I think I'll probably have good grades overall. I only had two actual tests; the rest were final projects. I'm not worried about Clothing Construction or Design and Illustration, I've had consistent A's all semester in both; I feel pretty good about Fashion Textiles, though I had a couple of missing assignments that may bring me to a B, but it was only 2 assignments and I've done well on everything else. I think 3D Design might end up as a B; I did pretty well on 3 of the 4 projects, and I'm not terribly worried about the paper, but the 2nd project we did kicked my butt; I never could wrap my head around it and come up with something that was good. That C- might drag me down.
Intro to Fashion is the one I'm most worried about, though. I had a few missing assignments from when I was sick that I never had a chance to make up, and while I did well on the stuff I turned in, and my big project was great, I'm not sure that last test grade is going to do me any favors. I got a 98 on the first test, an 80 on the second, but this last test, which was over the beginning of our delving into History of Fashion (which we'll then take as a full class next semester), well...
You know how, when you study for a test, you sort of glance over all the materials and notes and work out things like: "Okay, about 90 percent of my notes are on this thing, so that'll definetly be big on the test." "We talked forever about this stuff, so there'll probably be a lot of that on the test." "We spent a whole class on that, that'll probably be an essay question..." and, of course, you also think things like, "Hm, this only takes up about 5% of my notes and not even 10% of what we talked about in class, so there'll probably only be a question or two about that."
And from there, you decide to spend the bulk of your time studying that stuff which seems most likely to be the bulk of the test, and that little stuff that was just sort of mentioned you just glance over it enough that you should be able to answer the one or two multiple-choice questions that might show up on the test about it, but you don't waste a lot of time studying it because you never spent much time on it in class....
Because it totally makes sense to make 90% of the test about the stuff that only comprised 10% of what we studied.
When I was studying and looking over my notes and stuff, taking into account the usual format of this teacher's tests and the nature of the material, I figured that there would probably be most of the stuff on what each ancient civilization wore, and whether it would be men or women who wore it, and that sort of thing, seeing as that was what we talked about; there would probably be a lot of matching--matching pictures or descriptions of the clothing to the civilization they came from; matching vocab words with their definitions, seeing as we looked at a lot of different garments with special names.

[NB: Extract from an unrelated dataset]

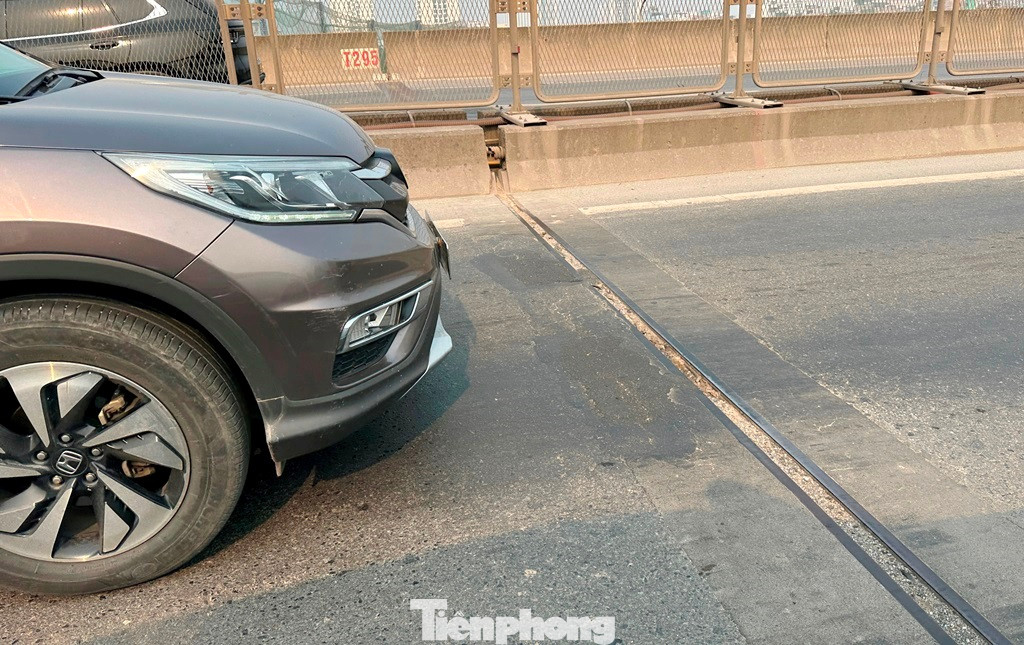 Do các khe co giãn đang bị hư hỏng, tạo sự không êm thuận cho xe lưu thông, nên trong giai đoạn đầu (từ 23/3), các đơn vị thi công sẽ tiến hành cấm đường (ban ngày cấm 1/2 lòng đường, ban đêm cấm toàn bộ chiều đường trên cao Vành đai 3) từ Mai Dịch đi nút giao đại lộ Thăng Long) để sửa chữa khe co giãn.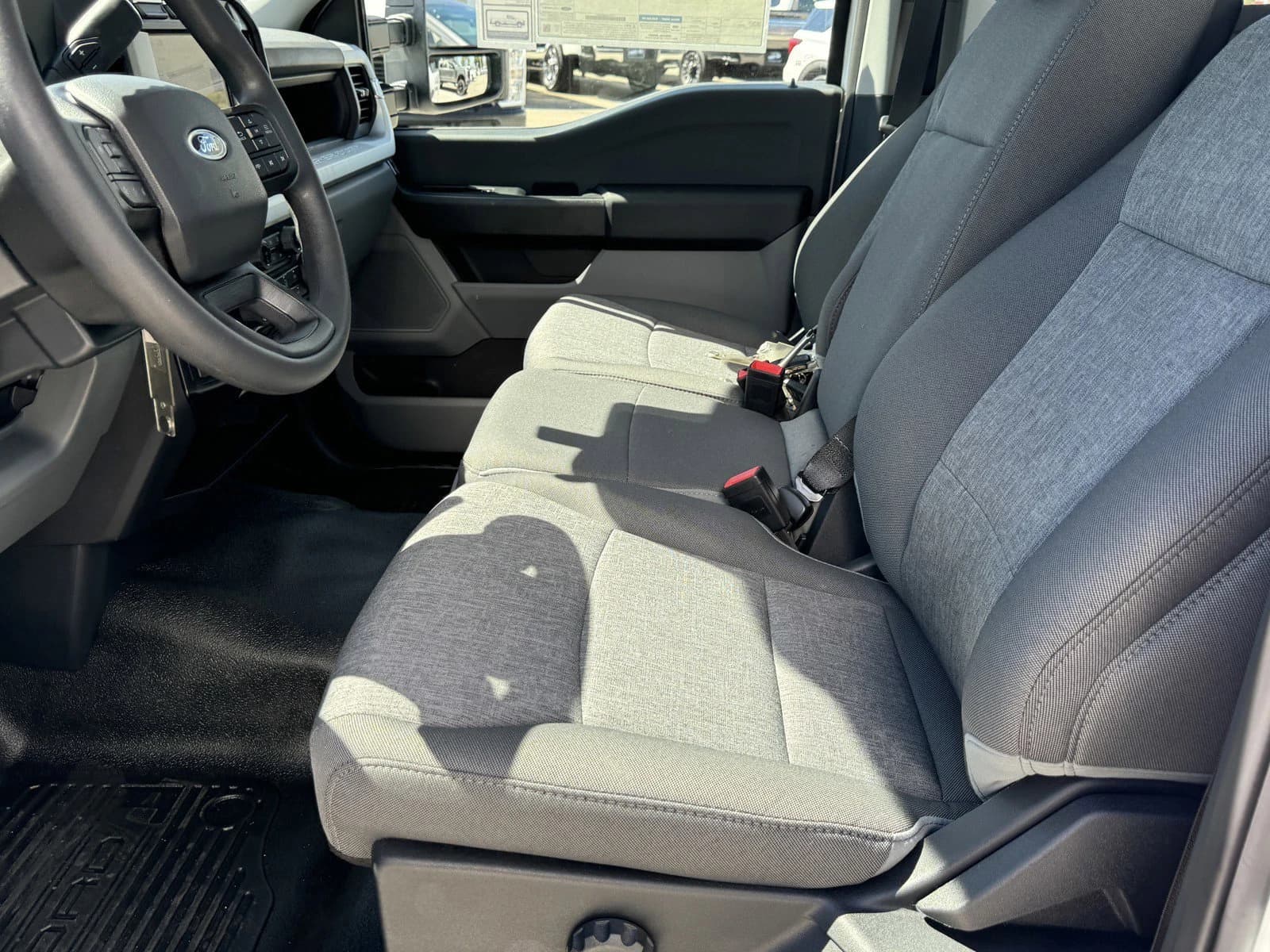 Ford Super Duty F-350 SRW XL 2WD Reg Cab 8' Box 2024 — side view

I thought we'd probably need to know what an Etruscan tebenna was, and probably that it was a forerunner of the Roman toga. We'd probably have to know things like which specific people were allowed to wear which Roman garments--that only married women could wear the stola; that only Roman citizens could wear the toga. What a schent is, and that Egyptian men wore them. We'd probably have to know the difference between an Ionic and a Doric chiton, and which one came into popularity first. We'd probably need to know what a calasiris was, and that Egyptians began wearing them during the New Kingdom period.
Because hey, that's what we studied.
Our teacher gave us a printed-our version of her power-point lectures so we could take additional notes on them during class. Out of those, for each civilization, only about two or three slides are not about what they wore and all those things I just mentioned in that last paragraph. Those two or three other slides were a tiny bit of vague historical context that usually consists of era dates (New Kingdom: 1575-1087), or informative gems such as "The Egyptian civilization grew up along the Nile River." Seeing as she didn't elaborate much more during class, I assumed the historical context would probably be maybe a question per civilization, or not even all the civilizations since some of them we had less context than others.
Then the test.
And it was pretty much all historical context.
There was one matching section with about seven questions where we had to match the description to the illustrations of people in the historic clothing, and then a puzzling section at the end where we were supposed to design a modern outfit/look inspired by the historic clothing for each civilization, (which should have been fun and easy except that it was more like, "What the hell?"), and then the rest of it was short-answer questions asking about historical context and why was Egypt so stable, and how is that reflected in the clothing, and explain specifically how political conflict or lack thereof affected clothing in each civilization and where do we get our history of the Sumerians from and is it accurate and OH MY GOD WHAT ARE YOU TALKING ABOUT?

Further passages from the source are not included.